Once you reach the line that holds "アウタージャンプスーツ ベビーアウタージャンプスーツ ベアくまボアフリース耳付きフーディ長袖ロンパース【mh0007615】" in the listing below, output it and every line after it through the line that holds "Polly Pocket HCG24", word for word.

## Data to use:
• • • • • • •
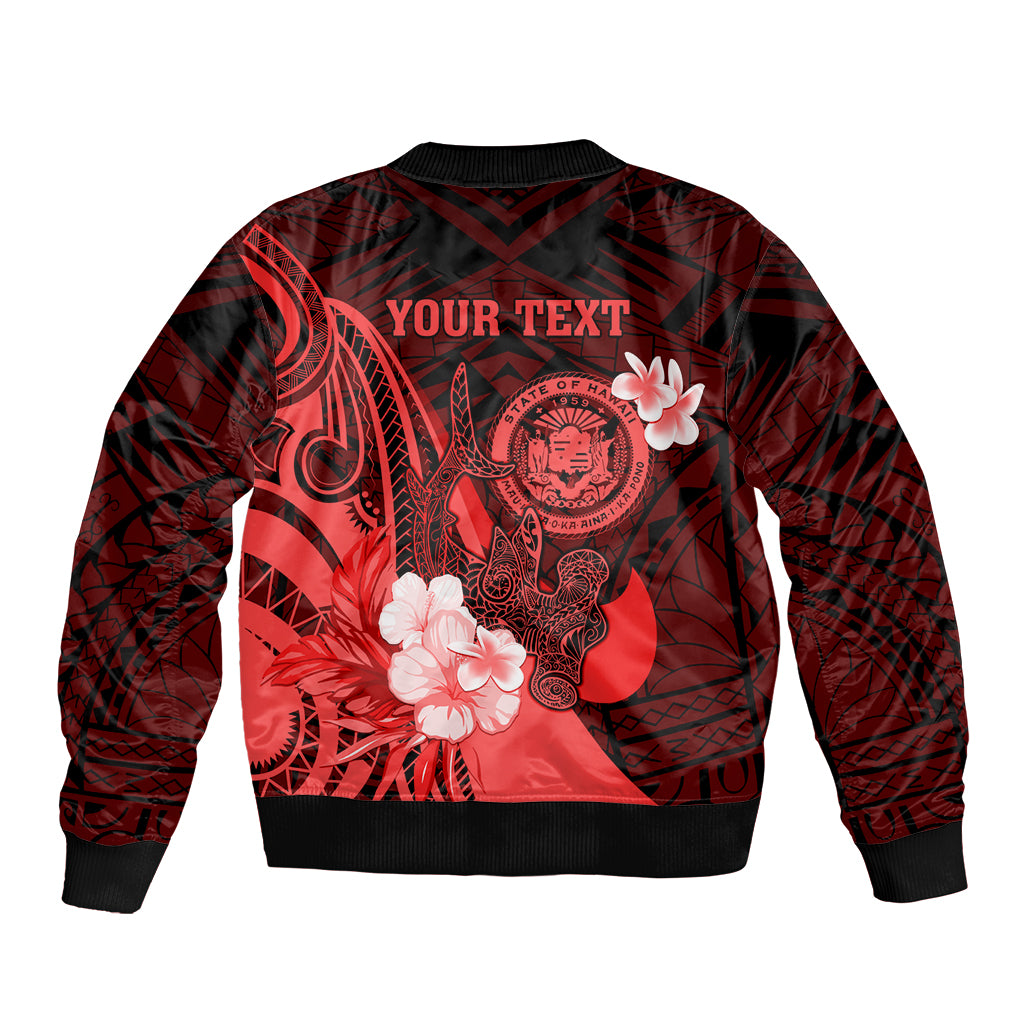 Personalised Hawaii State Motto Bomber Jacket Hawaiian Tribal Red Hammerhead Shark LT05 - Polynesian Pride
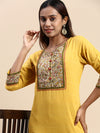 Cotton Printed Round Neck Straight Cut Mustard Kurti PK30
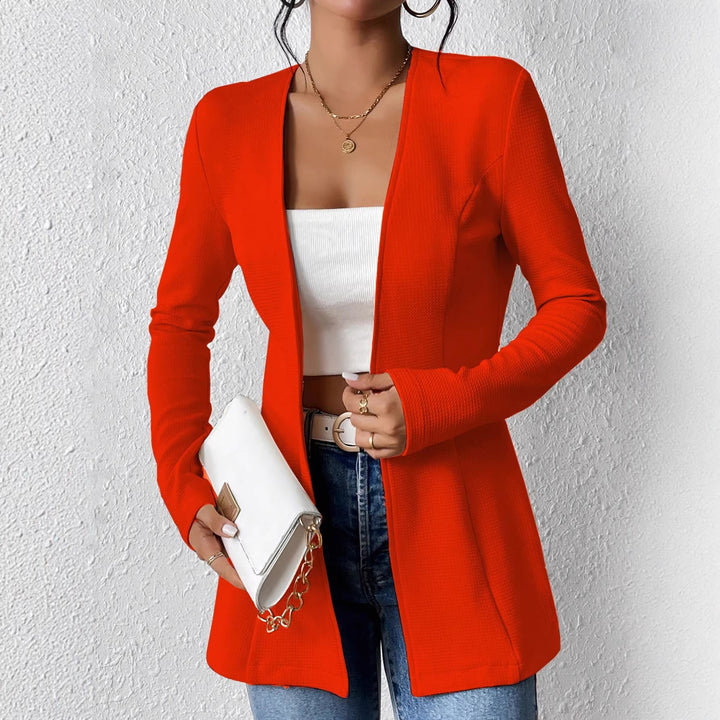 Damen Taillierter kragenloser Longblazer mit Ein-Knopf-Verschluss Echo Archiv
• • • • • • •
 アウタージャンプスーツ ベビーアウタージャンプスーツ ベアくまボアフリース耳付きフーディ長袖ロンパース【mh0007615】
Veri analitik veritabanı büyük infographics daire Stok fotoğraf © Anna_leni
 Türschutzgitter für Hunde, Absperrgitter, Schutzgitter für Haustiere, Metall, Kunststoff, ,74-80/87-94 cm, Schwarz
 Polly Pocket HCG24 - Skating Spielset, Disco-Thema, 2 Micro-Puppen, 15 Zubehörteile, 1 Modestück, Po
• • • • • • •
## Answer to this exercise:
 アウタージャンプスーツ ベビーアウタージャンプスーツ ベアくまボアフリース耳付きフーディ長袖ロンパース【mh0007615】
Veri analitik veritabanı büyük infographics daire Stok fotoğraf © Anna_leni
 Türschutzgitter für Hunde, Absperrgitter, Schutzgitter für Haustiere, Metall, Kunststoff, ,74-80/87-94 cm, Schwarz
 Polly Pocket HCG24 - Skating Spielset, Disco-Thema, 2 Micro-Puppen, 15 Zubehörteile, 1 Modestück, Po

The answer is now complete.